A mysterious island

Finders, keepers. But the interesting part is what comes after. Photo by Hitoshi Namura on Unsplash

Paradise found

Imagine, if you will, a seafaring crew of bold, enterprising founders with a harebrained scheme. They intend to set sail and find an unclaimed, uninhabited island deep in international waters, and to establish a sovereign society beyond the reach of any existing sovereign power. They have an equally harebrained business model in mind: they’ll happily take custody of whatever assets anyone, anywhere wants to give them for safekeeping, no questions asked, in exchange for a modest fee. There is one catch: those assets must be held in the island’s local currency.1

For sake of argument, imagine that our intrepid crew sets sail and, after a long journey and due hardship and adventure, finds their long-sought island and sets up a colony there. They discover that there is a certain mineral on this island that can be mined, one that isn’t found in a meaningful quantity anywhere else.

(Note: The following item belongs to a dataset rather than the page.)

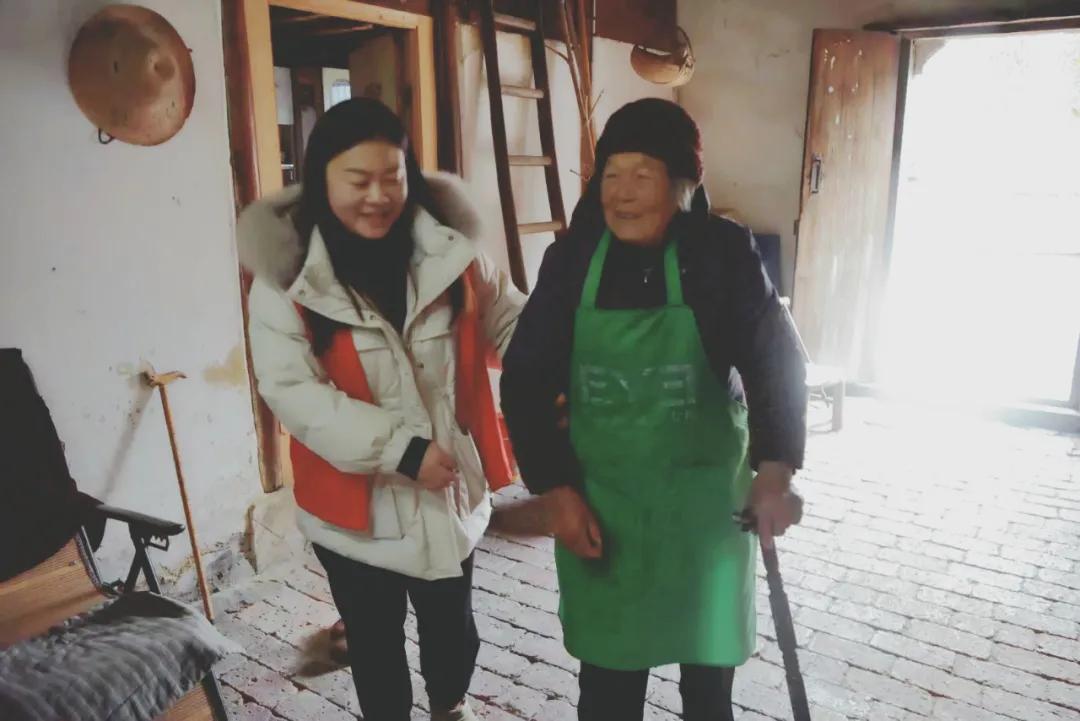 爱心传递寒冬送温暖活动圆满结束,开展春节送温暖送爱心活动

It has no intrinsic value, no industrial or decorative use, and the supply of this mineral is, for all intents and purposes, inexhaustible. The founders, moreover, have the ability to perfectly control how much of it is mined and at what pace. Let us call this mineral gil, and let us imagine that the founders decide to turn it into coins and use it as local currency on the island.

With these basic plot elements established, let us place before our intrepid founders a dilemma. In order for their business model to work, they need to invite other people to join them on the island. They need other people to invest not only time and energy in traveling to the island, but also their hard-earned wealth.

Feeling a bit lonely after an initial orgy of sunbathing and feasting on young coconuts, the founders decide to grow their society and economy by marketing the island to the rest of the world. They duly send forth missionaries, and in due time, lured by promises of untold wealth, self-sovereignty, and a bottomless supply of coconuts, other adventurous souls begin to arrive.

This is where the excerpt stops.